Published June 13, 2017
The release of 22-year-old college student Otto Warmbier from a North Korean prison on Tuesday leaves three American citizens still behind bars in the volatile country.
In the past, North Korea has generally quickly released any American citizens it detained – waiting at most for a U.S. official or statesman to come and to personally bail out detainees. But if Warmbier’s more than two years in prison – out of a 15-year sentence – is any indication, that trend appears to be changing.
While U.S. government officials have lobbied for the release of these prisoners, little progress has been made as relations between Washington and Pyongyang deteriorate amid the latter’s continued missile tests and refinement of nuclear weapons.
Here is a look at the three American citizens being held in North Korea:
North Korean officials announced in early May that Kim Hak-song – who worked at the Pyongyang University of Science and Technology (PUST) – on charges of unspecified hostile acts against the country.
Very little is known about Mr. Kim besides the fact that he worked at PUST – a university founded in 2010 evangelical Christians and funded in large part by churches in the U.S. and South Korea. The majority of students at the school are children of North Korea’s elite.

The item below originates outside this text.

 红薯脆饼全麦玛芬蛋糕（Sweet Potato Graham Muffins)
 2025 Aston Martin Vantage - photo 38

Reuters reported that a message by Kim Hak Song dated February 2015 on the website of a Korean-Brazilian church in São Paulo said he was a Christian missionary planning to start an experimental farm at PUST and was trying to help the North Korean people learn to become self-sufficient.
Tony Kim (also goes by his Korean name, Kim Sang-duk)

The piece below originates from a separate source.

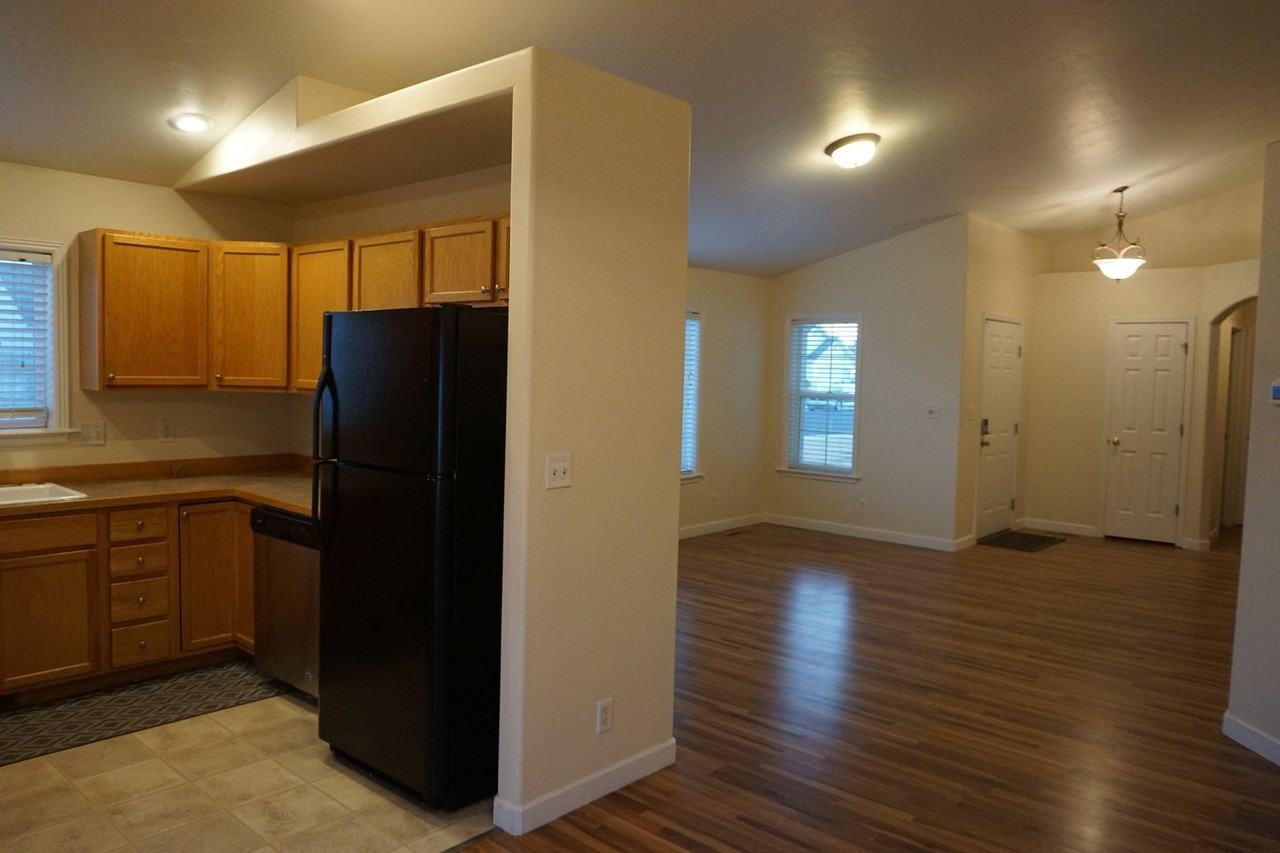 727 N Pointe Dr - Photo 7 of 18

Just days before the arrest of Kim Hak-son, officials in North Korea detained Tony, according to Park Chan-mo, the chancellor of PUST, as he was trying to leave with his wife on a flight to China.
The Swedish embassy in Pyongyang said Sunday it was aware of a Korean-American citizen being detained recently but could not comment further. The embassy looks after consular affairs for the United States in North Korea because the two countries do not have diplomatic relations.
The State Department also said it was aware of the report about a U.S. citizen being detained, but declined further comment "due to privacy considerations."
Park said he was informed that the detention had "nothing to do" with Kim's work at the university but did not know any further details.
Kim previously taught Korean at the Yanbian University of Science and Technology in Yanji, China, not far from the North Korea border, said the school's Communist Party committee secretary.
As of Monday morning, North Korea's official media had not reported on the detention and there so far have been no details on why Kim was detained.
Kim Dong Chul
The plight of the Korean-American businessman is probably the most hazy case of all the Americans being held in North Korea.
A former resident of Virginia, Kim was living in China with his wife and operating a business in a special economic zone of North Korea when he was detained in October 2015 while in the city of Rason. His detainment was not made public until North Korean officials introduced him to a visiting news crew and allowed him to be interviewed through an interpreter.
It was later revealed that Kim had been detained on suspicion of engaging in spying and stealing state secrets. He was sentenced to 10 years in prison with hard labor after a brief trial in Pyongyang. North Korea's Supreme Court found Kim guilty of espionage and subversion under Articles 60 and 64 of the North's criminal code.
When he was paraded before the media in Pyongyang last March, Kim said he had collaborated with and spied for South Korean intelligence authorities in a plot to bring down the North's leadership and had tried to spread religion among North Koreans before his arrest.
South Korea's National Intelligence Service, the country's main spy agency, has said Kim's case wasn't related to the organization in any way.